== Captioned web images ==
* * * * * * * * *

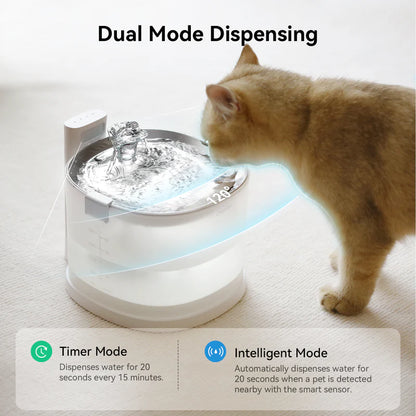 Cheerble Elfin E1+ Pet Water Fountain 2L (Battery & AC Powered)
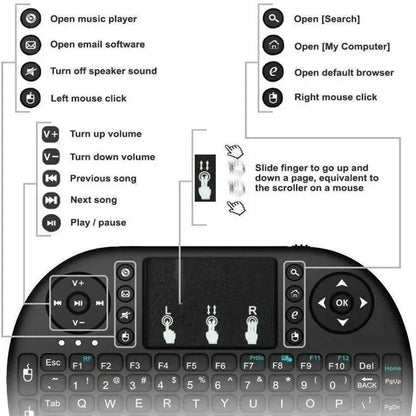 Mini Wireless Keyboard With Touchpad And Air Mouse For Smart TV And PC 2
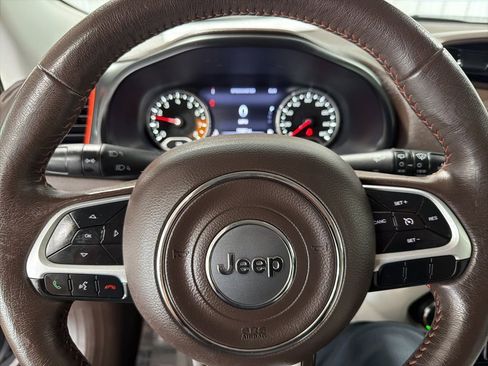 Used 2017 Jeep Renegade Limited w/ Safety & Security Group AWD/4WD image 24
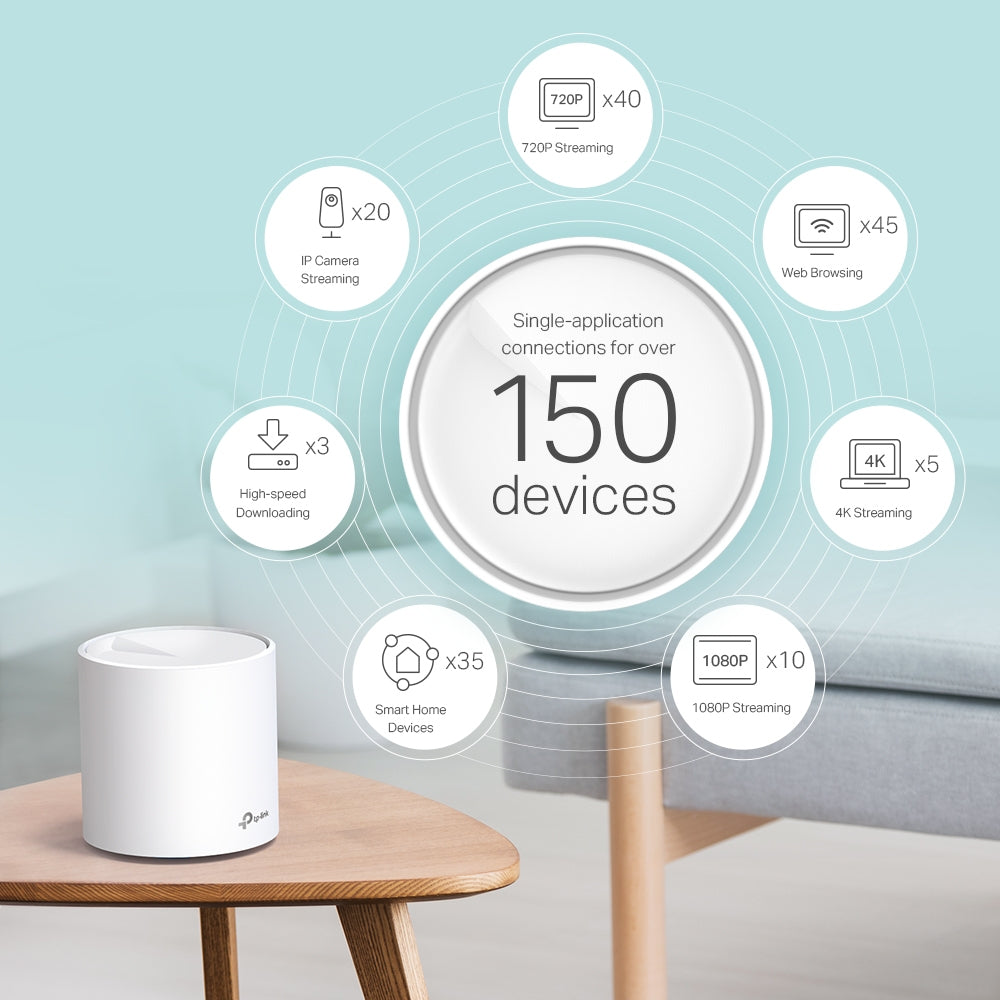 TP-Link AX3000 Whole Home Mesh Wi-Fi 6 Unit (DECO X60(1-PACK))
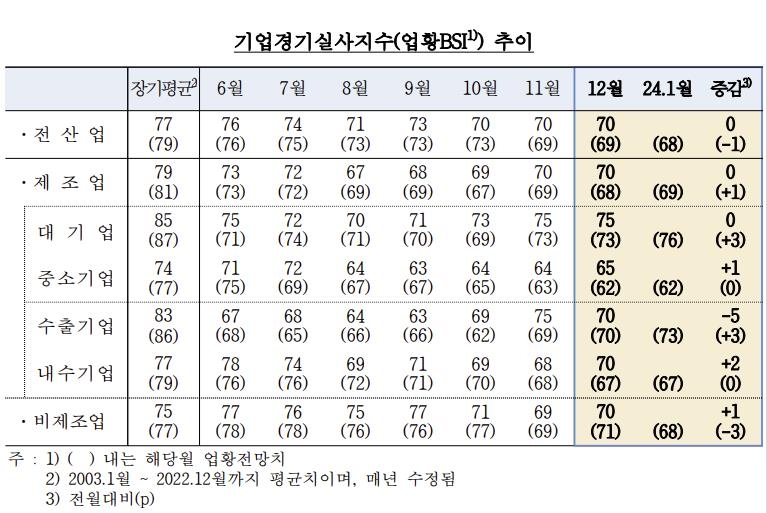 반도체 회복 기대에도…12월 제조업 체감경기 부진 지속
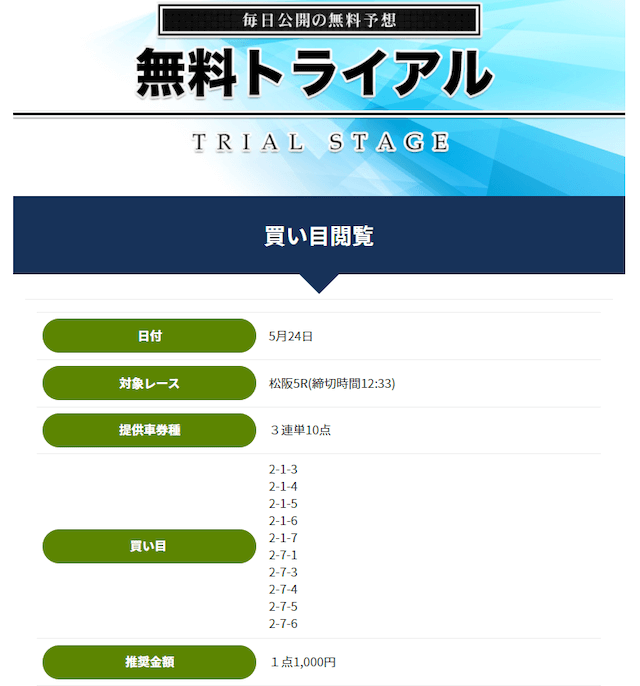 競輪アンビシャス無料予想参加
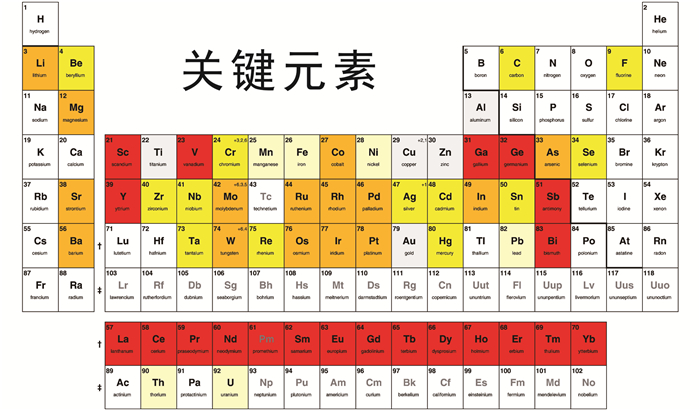 胶东金矿床中关键金属超常富集特征与机理初探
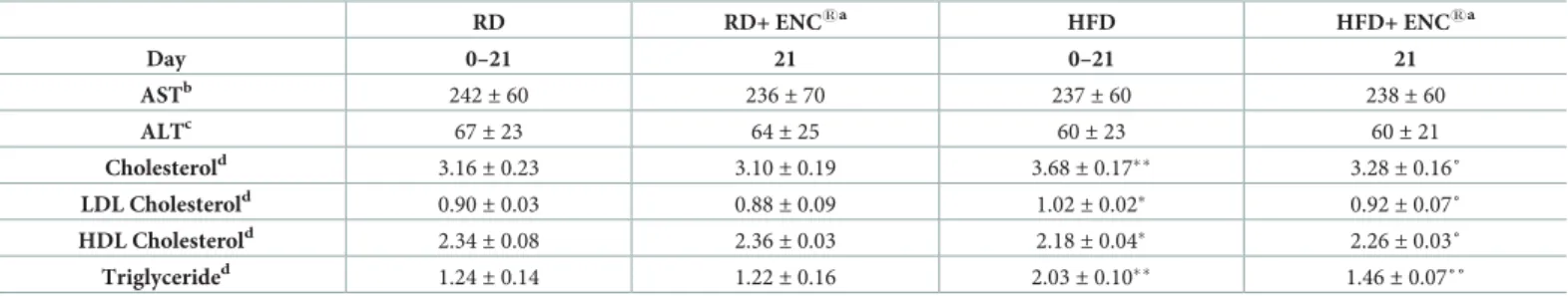 Table 1. Serum parameters of RD-rats and HFD-rats supplemented with or without ENC 1 for 21 days.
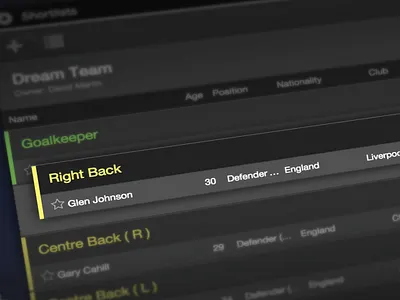 Shortlist Project branding design digital experiance experience scout7 ui ux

* * * * * * * * *

== What you should do ==
Set down the data above word for word, leaving every picture out.

== Result of this task ==
 Cheerble Elfin E1+ Pet Water Fountain 2L (Battery & AC Powered)
 Mini Wireless Keyboard With Touchpad And Air Mouse For Smart TV And PC 2
 Used 2017 Jeep Renegade Limited w/ Safety & Security Group AWD/4WD image 24
 TP-Link AX3000 Whole Home Mesh Wi-Fi 6 Unit (DECO X60(1-PACK))
 반도체 회복 기대에도…12월 제조업 체감경기 부진 지속
 競輪アンビシャス無料予想参加
 胶东金矿床中关键金属超常富集特征与机理初探
 Table 1. Serum parameters of RD-rats and HFD-rats supplemented with or without ENC 1 for 21 days.
 Shortlist Project branding design digital experiance experience scout7 ui ux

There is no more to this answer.